PROVIDED MATERIAL below:

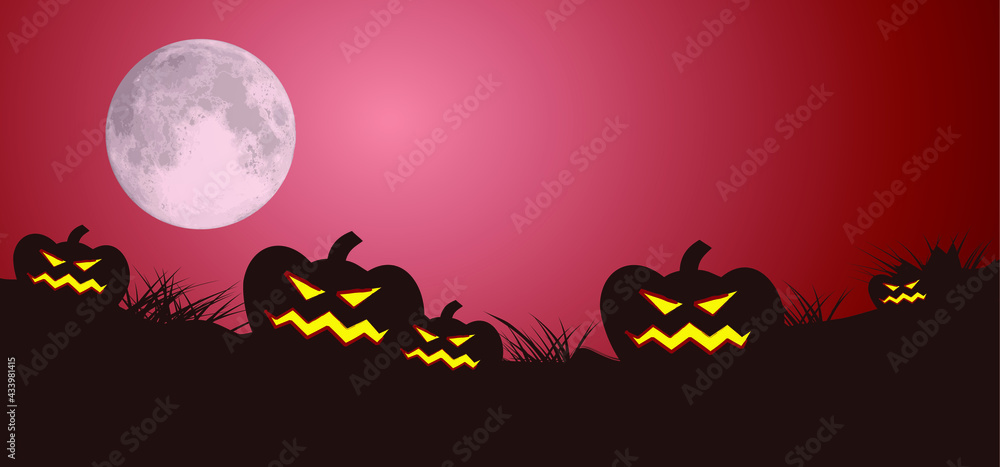 Cartoon drawing of scary pumpkins in the moon for happy halloween party, fest on 31 October. Pumpkin, pictogram. Flat vector sketch sign. Banner or card.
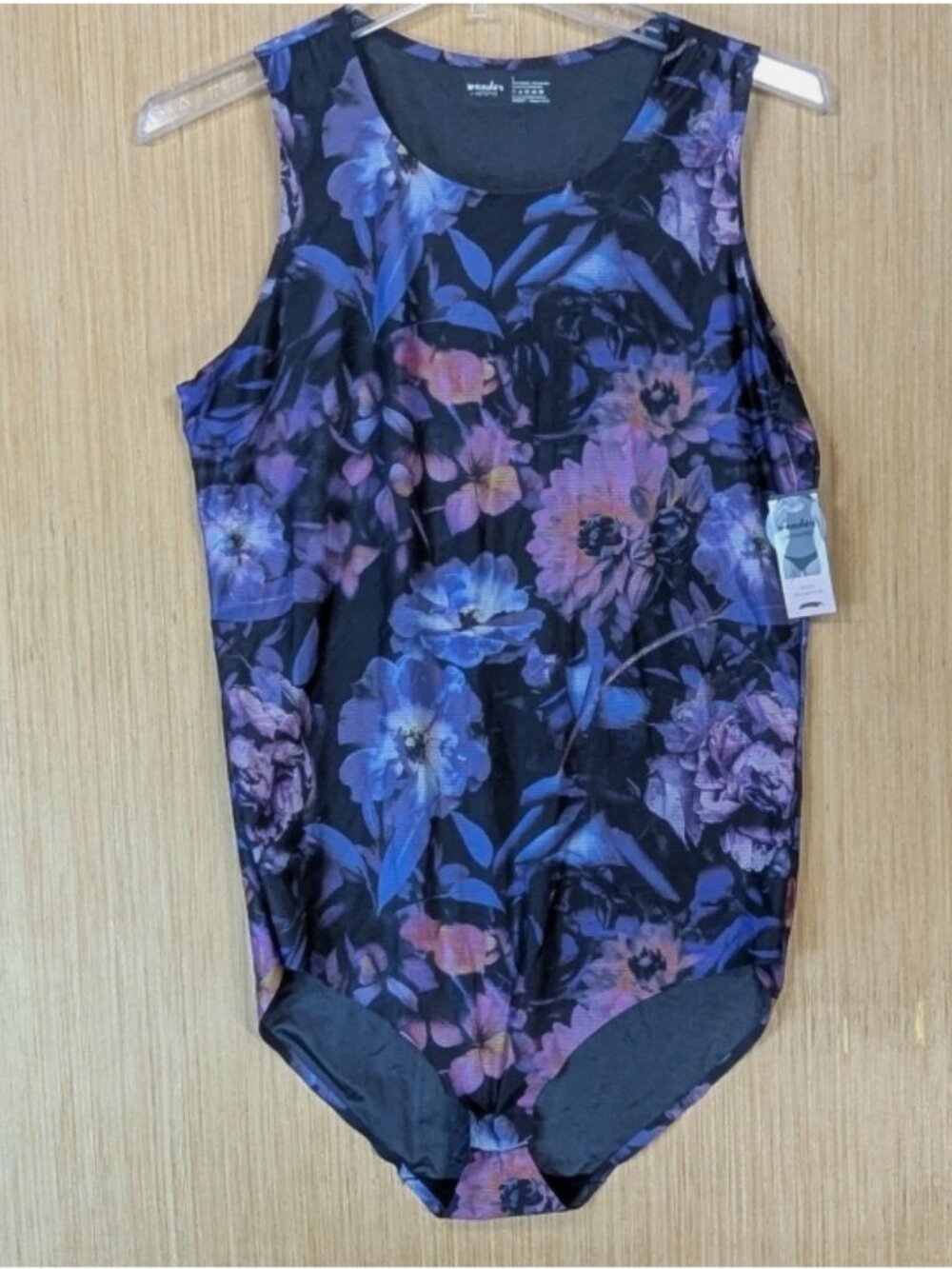 Wander by Hottotties Drift Collection Floral Bodysuit Size L Purple Blue NWT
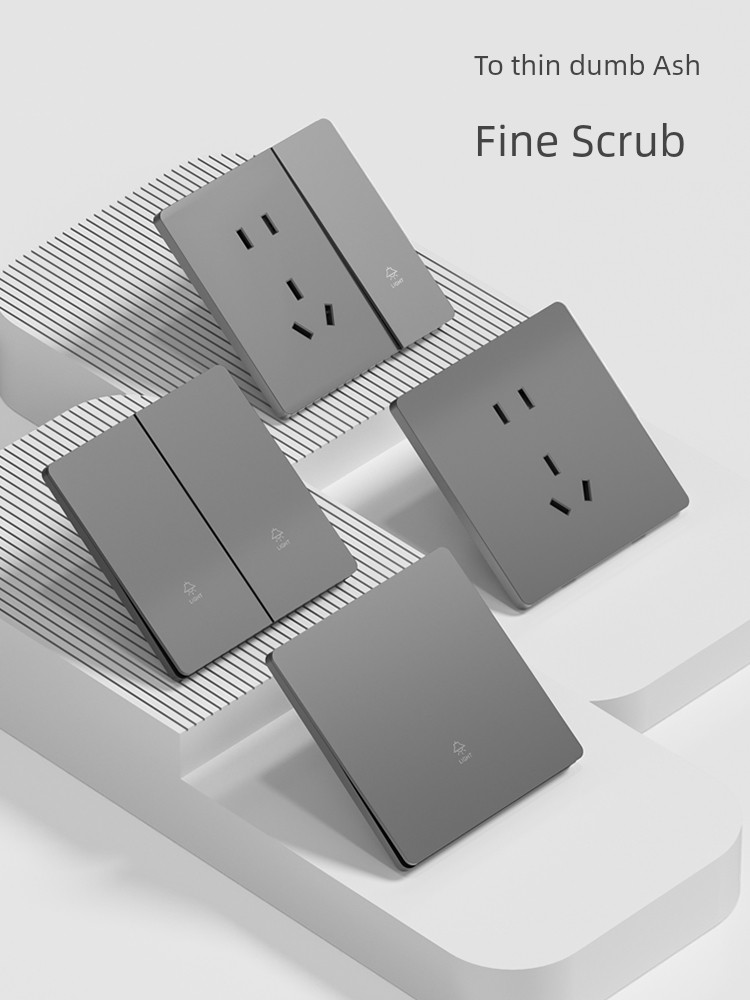 International Electrician 86 Ultra-Thin Frosted For Home Gray Concealed Switch Socket Panel One Open Single Control 5 Five Holes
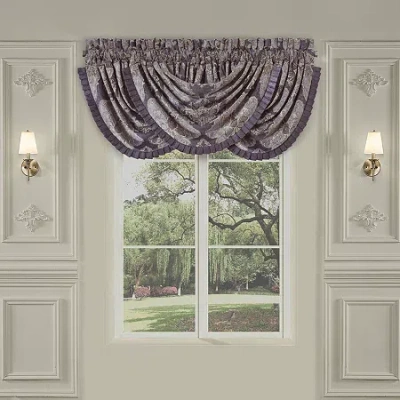 Five Queens Court Dominique Rod Pocket Energy Saving Light-filtering Single Curtain Panel In Purple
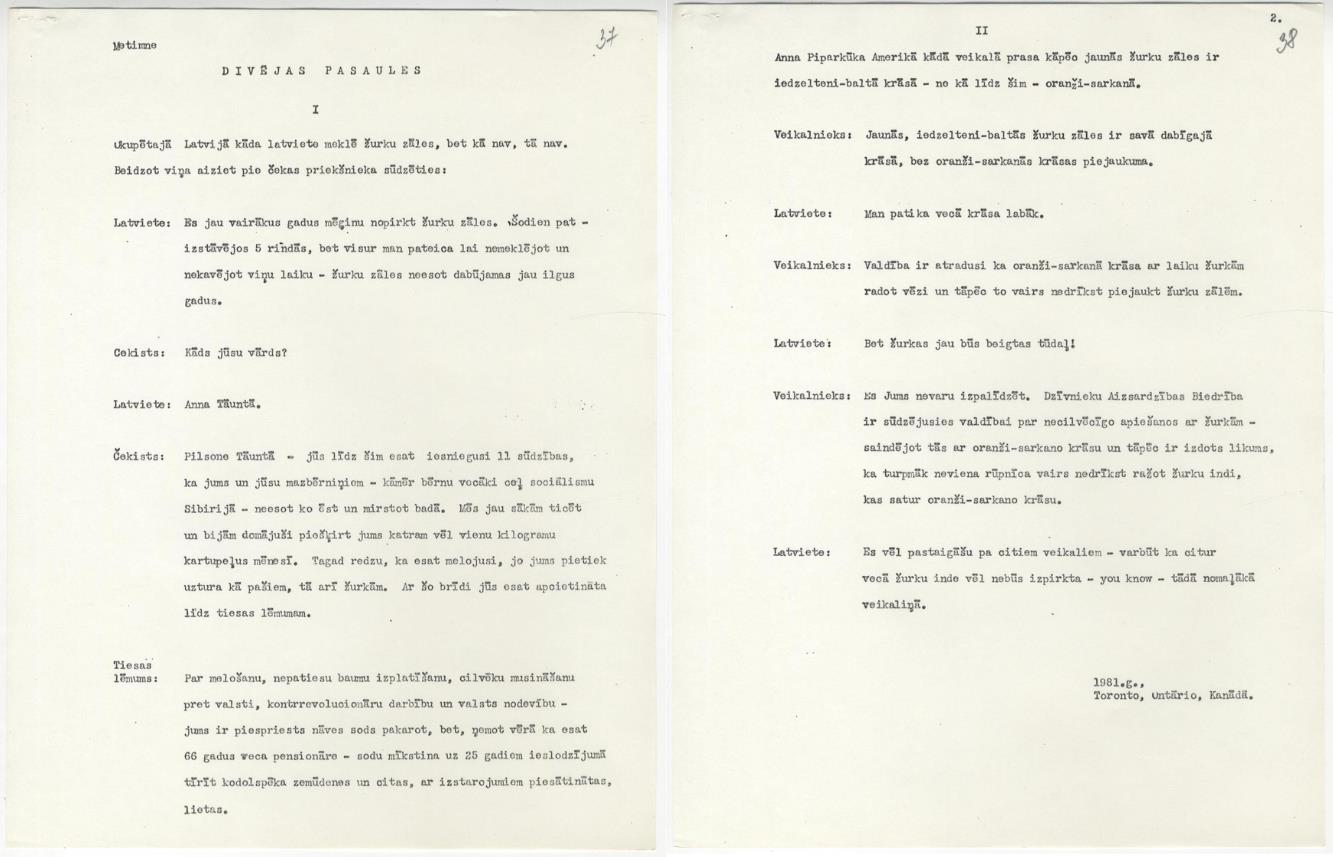 Metimnes (Arņa Ķekša) dialogs "Divējas pasaules", 1981. gads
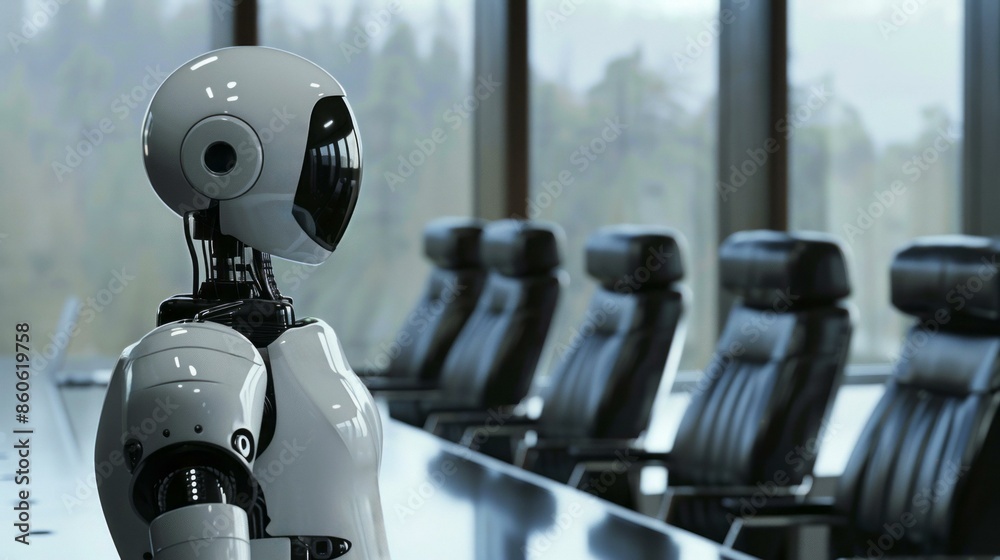 Robot in a boardroom. A white robot stands in a modern boardroom, hinting at artificial intelligence and its role in business. Robot in a boardroom. A white robot stands in a modern boardroom, hinting at artificial intelligence and its role in business.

End of PROVIDED MATERIAL.

* [WORK TO COMPLETE] Give back exactly the lines from the top of the records to the line containing "Metimnes (Arņa Ķekša)", both included, and no pictures.

* [EXERCISE OUTPUT]
 Cartoon drawing of scary pumpkins in the moon for happy halloween party, fest on 31 October. Pumpkin, pictogram. Flat vector sketch sign. Banner or card.
 Wander by Hottotties Drift Collection Floral Bodysuit Size L Purple Blue NWT
 International Electrician 86 Ultra-Thin Frosted For Home Gray Concealed Switch Socket Panel One Open Single Control 5 Five Holes
 Five Queens Court Dominique Rod Pocket Energy Saving Light-filtering Single Curtain Panel In Purple
 Metimnes (Arņa Ķekša) dialogs "Divējas pasaules", 1981. gads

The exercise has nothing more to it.